About this task ::
Copy exactly the lines of the records below, and only those lines, beginning with the line that contains "Property photo 3 of 7" and ending with the line that contains "5th image of 3564 W Meadowbrook Dr".

=======

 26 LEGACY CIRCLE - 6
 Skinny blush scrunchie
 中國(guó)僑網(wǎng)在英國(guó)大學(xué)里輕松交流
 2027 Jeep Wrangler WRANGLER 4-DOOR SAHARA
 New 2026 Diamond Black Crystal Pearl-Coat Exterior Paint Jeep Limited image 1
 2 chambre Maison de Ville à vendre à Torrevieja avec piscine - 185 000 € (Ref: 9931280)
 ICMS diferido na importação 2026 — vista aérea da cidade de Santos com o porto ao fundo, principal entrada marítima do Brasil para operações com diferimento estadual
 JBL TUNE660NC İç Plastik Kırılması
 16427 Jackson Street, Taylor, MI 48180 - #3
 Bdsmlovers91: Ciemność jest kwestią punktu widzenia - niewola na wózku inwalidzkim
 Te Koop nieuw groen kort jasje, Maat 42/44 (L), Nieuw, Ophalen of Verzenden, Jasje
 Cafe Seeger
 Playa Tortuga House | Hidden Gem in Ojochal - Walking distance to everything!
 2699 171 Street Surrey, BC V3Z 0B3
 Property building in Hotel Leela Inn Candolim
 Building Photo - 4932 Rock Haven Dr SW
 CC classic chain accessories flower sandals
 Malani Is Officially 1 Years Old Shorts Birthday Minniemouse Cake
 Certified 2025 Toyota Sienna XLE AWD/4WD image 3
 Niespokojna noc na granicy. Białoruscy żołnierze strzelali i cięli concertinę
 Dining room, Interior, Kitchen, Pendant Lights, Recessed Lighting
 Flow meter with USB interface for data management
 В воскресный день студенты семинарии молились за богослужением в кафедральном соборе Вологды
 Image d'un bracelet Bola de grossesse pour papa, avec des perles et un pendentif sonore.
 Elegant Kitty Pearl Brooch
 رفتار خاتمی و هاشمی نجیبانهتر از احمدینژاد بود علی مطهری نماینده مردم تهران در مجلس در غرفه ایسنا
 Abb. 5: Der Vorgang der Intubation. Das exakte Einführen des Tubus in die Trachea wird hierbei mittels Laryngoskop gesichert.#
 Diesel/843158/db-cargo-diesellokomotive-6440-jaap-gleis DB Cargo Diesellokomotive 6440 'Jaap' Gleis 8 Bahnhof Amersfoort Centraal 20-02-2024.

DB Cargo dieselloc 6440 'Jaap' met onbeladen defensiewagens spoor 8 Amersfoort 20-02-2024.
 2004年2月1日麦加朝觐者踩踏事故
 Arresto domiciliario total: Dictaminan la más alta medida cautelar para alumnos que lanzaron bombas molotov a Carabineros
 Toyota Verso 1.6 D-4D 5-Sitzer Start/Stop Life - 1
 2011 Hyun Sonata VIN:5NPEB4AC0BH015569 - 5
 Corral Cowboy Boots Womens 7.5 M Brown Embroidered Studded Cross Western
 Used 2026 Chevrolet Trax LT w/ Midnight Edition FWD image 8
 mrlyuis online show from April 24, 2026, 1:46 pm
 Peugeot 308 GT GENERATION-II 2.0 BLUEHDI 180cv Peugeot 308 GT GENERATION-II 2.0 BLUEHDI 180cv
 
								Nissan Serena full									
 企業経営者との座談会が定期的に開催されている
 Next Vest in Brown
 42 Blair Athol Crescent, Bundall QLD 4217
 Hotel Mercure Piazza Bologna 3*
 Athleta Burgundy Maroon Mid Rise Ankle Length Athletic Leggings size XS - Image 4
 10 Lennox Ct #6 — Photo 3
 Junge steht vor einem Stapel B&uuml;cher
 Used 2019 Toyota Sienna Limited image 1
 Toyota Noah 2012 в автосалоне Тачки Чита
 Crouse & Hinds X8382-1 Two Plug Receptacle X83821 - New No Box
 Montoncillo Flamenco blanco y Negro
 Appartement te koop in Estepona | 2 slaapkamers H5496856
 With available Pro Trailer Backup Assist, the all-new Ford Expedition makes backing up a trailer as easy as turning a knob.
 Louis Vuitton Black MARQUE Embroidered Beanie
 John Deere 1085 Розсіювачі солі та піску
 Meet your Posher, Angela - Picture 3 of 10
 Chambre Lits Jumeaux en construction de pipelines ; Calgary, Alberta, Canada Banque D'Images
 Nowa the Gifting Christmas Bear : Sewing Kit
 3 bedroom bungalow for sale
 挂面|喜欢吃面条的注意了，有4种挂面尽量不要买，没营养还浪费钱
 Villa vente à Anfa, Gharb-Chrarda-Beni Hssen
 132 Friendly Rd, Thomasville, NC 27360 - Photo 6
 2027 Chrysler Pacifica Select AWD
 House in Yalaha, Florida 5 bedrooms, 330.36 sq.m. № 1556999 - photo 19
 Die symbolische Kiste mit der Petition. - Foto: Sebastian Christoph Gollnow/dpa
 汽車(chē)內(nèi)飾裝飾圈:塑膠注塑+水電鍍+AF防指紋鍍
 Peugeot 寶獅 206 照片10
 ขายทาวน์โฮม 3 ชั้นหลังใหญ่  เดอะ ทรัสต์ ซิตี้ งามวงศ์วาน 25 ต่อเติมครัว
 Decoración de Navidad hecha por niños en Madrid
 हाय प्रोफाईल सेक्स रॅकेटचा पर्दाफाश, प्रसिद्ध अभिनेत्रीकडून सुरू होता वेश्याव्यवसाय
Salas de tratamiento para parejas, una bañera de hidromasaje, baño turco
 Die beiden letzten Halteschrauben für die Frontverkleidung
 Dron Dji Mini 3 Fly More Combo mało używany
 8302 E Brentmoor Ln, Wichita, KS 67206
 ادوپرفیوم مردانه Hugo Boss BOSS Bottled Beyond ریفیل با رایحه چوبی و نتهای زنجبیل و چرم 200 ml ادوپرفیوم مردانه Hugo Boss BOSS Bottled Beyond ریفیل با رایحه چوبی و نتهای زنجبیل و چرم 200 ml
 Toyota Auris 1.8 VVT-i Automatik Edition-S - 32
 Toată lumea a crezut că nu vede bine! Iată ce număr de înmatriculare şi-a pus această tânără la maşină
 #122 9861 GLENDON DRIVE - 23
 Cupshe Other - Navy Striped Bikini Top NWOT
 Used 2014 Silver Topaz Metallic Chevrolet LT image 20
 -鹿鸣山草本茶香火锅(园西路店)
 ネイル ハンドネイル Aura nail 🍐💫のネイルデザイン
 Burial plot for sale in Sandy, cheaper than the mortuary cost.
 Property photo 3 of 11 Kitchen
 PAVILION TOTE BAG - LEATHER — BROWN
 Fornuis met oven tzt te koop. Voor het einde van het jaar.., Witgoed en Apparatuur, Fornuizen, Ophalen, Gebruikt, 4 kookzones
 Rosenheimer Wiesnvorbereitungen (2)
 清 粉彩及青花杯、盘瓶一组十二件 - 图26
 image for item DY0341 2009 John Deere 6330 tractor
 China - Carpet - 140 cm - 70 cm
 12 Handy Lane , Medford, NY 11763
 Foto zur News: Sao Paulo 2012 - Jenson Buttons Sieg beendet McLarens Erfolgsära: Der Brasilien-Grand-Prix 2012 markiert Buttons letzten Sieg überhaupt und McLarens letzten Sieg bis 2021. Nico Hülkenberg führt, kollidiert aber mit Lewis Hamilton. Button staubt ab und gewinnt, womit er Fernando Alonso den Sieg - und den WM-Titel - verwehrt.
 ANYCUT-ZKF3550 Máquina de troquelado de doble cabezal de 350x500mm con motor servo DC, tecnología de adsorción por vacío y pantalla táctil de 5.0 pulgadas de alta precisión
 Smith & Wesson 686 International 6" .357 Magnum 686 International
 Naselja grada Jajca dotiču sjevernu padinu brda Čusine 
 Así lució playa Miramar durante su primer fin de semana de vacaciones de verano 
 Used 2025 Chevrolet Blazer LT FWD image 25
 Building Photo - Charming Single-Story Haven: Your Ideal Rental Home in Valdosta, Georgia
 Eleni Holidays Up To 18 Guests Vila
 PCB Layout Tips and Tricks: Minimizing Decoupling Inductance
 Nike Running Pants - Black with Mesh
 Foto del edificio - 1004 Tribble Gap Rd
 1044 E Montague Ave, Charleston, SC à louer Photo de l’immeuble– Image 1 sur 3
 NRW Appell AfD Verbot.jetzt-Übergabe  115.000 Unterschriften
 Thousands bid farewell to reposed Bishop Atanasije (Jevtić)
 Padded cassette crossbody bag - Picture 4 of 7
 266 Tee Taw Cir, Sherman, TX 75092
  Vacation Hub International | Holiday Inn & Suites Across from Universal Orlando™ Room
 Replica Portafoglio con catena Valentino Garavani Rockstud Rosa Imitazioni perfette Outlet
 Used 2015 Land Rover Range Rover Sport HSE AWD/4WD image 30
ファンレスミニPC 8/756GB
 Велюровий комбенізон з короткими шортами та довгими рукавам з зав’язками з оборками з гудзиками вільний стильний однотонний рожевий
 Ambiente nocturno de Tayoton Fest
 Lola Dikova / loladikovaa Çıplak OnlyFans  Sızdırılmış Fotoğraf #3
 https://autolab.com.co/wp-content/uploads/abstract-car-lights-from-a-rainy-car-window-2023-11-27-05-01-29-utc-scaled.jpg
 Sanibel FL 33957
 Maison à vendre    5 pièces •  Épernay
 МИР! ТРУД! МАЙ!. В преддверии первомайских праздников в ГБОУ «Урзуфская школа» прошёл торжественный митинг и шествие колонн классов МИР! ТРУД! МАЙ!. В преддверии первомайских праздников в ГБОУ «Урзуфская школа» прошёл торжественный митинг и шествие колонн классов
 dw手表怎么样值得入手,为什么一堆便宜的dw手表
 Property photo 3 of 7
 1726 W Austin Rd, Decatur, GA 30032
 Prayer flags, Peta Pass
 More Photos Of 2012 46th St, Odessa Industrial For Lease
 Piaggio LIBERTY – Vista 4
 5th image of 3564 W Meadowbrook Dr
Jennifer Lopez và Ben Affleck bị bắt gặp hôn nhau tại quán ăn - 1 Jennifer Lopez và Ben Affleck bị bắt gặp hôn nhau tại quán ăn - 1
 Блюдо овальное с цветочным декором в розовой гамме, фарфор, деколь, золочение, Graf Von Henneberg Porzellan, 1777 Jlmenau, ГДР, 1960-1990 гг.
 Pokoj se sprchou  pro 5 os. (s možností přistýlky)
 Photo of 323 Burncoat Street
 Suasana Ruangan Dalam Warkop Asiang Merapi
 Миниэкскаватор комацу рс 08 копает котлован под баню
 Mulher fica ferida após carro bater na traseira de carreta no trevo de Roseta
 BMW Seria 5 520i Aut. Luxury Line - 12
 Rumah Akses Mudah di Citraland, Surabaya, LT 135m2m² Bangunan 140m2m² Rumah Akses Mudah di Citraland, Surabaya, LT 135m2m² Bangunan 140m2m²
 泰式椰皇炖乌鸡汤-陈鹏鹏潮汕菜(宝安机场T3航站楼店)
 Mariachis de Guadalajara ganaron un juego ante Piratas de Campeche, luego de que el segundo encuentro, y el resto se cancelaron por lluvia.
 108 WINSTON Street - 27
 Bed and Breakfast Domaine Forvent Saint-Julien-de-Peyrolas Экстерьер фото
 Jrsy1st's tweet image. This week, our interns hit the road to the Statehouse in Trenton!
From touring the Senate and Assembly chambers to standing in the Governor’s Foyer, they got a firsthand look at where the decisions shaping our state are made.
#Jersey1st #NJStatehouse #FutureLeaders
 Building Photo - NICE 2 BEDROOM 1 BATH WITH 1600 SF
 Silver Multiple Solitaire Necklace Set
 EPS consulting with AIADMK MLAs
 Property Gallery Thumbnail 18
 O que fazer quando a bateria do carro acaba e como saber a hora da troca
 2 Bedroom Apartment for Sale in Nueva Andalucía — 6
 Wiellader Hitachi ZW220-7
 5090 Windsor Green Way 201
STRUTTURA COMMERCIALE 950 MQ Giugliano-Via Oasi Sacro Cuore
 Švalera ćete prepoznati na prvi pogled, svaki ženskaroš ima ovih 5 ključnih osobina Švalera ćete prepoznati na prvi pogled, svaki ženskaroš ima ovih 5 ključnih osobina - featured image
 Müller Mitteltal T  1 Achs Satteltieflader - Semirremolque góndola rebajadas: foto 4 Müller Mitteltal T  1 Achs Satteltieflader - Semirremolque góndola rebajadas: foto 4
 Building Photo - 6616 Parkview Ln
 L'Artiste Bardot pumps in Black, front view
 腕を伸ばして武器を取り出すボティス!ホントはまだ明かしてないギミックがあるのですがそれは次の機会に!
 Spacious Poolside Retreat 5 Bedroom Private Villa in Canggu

=======

Solution for this problem ::
 Property photo 3 of 7
 1726 W Austin Rd, Decatur, GA 30032
 Prayer flags, Peta Pass
 More Photos Of 2012 46th St, Odessa Industrial For Lease
 Piaggio LIBERTY – Vista 4
 5th image of 3564 W Meadowbrook Dr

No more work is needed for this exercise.